Bien loin d'ici, la ou s'envolent les hirondelles quand nous sommes en hiver, habitait un roi qui avait onze fils et une fille, Elisa. Les onze fils, quoique princes, allaient a l'ecole avec decorations sur la poitrine et sabre au cote; ils ecrivaient sur des tableaux en or avec des crayons de diamant et apprenaient tout tres facilement, soit par coeur soit par leur raison; on voyait tout de suite que c'etaient des princes. Leur soeur Elisa etait assise sur un petit tabouret de cristal et avait un livre d'images qui avait coute la moitie du royaume. Ah! ces enfants etaient tres heureux, mais ca ne devait pas durer toujours.

Leur pere, roi du pays, se remaria avec une mechante reine, tres mal disposee a leur egard. Ils s'en rendirent compte des le premier jour: tout le chateau etait en fete; comme les enfants jouaient «a la visite», au lieu de leur donner, comme d'habitude, une abondance de gateaux et de pommes au four, elle ne leur donna que du sable dans une tasse a the en leur disant «de faire semblant».

La semaine suivante, elle envoya Elisa a la campagne chez quelque paysan et elle ne tarda guere a faire accroire au roi tant de mal sur les pauvres princes que Sa Majeste ne se souciait plus d'eux le moins du monde.

– Envolez-vous dans le monde et prenez soin de vous-meme! dit la mechante reine, volez comme de grands oiseaux, mais muets.

Elle ne put cependant leur jeter un sort aussi affreux qu'elle l'aurait voulu: ils se transformerent en onze superbes cygnes sauvages et, poussant un etrange cri, ils s'envolerent par les fenetres du chateau vers le parc et la foret.

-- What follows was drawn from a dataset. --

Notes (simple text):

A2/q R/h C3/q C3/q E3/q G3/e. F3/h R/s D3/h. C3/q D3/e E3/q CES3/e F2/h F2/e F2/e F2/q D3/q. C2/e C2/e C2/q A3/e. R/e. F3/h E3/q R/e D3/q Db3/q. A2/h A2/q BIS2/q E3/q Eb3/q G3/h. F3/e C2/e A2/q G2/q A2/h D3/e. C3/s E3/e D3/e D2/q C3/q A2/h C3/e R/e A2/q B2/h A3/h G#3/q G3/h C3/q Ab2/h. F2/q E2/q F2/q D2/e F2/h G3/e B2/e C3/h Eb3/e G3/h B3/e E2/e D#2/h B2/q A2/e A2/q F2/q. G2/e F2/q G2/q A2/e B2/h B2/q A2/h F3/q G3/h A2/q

Ce fut le matin, de tres bonne heure qu'ils passerent au-dessus de l'endroit ou leur soeur Elisa dormait dans la maison du paysan; ils planerent au-dessus du toit, tournant leurs longs cous de tous cotes, battant des ailes, mais personne ne les vit ni ne les entendit, alors il leur fallut poursuivre tres haut, pres des nuages, loin dans le vaste monde. Ils atteignirent enfin une sombre foret descendant jusqu'a la greve. La pauvre petite Elisa restait dans la salle du paysan a jouer avec une feuille verte-elle n'avait pas d'autre jouet-, elle s'amusait a piquer un trou dans la feuille et a regarder le soleil au travers, il lui semblait voir les yeux clairs de ses freres.